- **Your task**:
From the entries below, transcribe exactly the lines between the line holding "iPhone Charger Cable" and the line holding "Kombinácia zelenej a bielej v dizajne bytu", inclusive; skip all other lines.

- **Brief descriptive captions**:
------------------------------------

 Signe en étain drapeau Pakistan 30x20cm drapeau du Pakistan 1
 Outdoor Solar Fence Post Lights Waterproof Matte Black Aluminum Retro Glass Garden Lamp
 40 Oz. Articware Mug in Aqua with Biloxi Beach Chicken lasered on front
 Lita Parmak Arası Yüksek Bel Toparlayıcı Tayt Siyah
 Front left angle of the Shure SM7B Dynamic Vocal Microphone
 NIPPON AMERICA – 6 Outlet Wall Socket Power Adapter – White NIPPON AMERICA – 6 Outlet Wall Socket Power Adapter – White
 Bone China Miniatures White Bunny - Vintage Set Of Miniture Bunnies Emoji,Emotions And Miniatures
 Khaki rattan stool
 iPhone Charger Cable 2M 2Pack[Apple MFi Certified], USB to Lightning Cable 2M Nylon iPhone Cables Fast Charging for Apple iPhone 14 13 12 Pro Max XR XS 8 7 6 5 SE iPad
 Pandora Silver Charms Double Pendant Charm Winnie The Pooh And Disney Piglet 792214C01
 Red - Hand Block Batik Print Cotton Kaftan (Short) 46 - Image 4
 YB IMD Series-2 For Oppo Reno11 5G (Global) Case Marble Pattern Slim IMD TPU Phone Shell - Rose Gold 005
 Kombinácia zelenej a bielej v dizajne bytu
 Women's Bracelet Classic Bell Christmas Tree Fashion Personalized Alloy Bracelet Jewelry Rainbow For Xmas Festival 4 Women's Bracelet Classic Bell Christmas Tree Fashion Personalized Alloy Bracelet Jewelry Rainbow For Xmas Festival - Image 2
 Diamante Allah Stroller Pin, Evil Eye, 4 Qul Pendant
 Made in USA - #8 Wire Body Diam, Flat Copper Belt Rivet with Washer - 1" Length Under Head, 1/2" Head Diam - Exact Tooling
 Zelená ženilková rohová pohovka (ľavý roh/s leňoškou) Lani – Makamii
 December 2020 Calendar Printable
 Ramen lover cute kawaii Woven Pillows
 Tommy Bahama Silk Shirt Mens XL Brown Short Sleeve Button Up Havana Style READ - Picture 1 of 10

------------------------------------

- **Response for this exercise**:
 iPhone Charger Cable 2M 2Pack[Apple MFi Certified], USB to Lightning Cable 2M Nylon iPhone Cables Fast Charging for Apple iPhone 14 13 12 Pro Max XR XS 8 7 6 5 SE iPad
 Pandora Silver Charms Double Pendant Charm Winnie The Pooh And Disney Piglet 792214C01
 Red - Hand Block Batik Print Cotton Kaftan (Short) 46 - Image 4
 YB IMD Series-2 For Oppo Reno11 5G (Global) Case Marble Pattern Slim IMD TPU Phone Shell - Rose Gold 005
 Kombinácia zelenej a bielej v dizajne bytu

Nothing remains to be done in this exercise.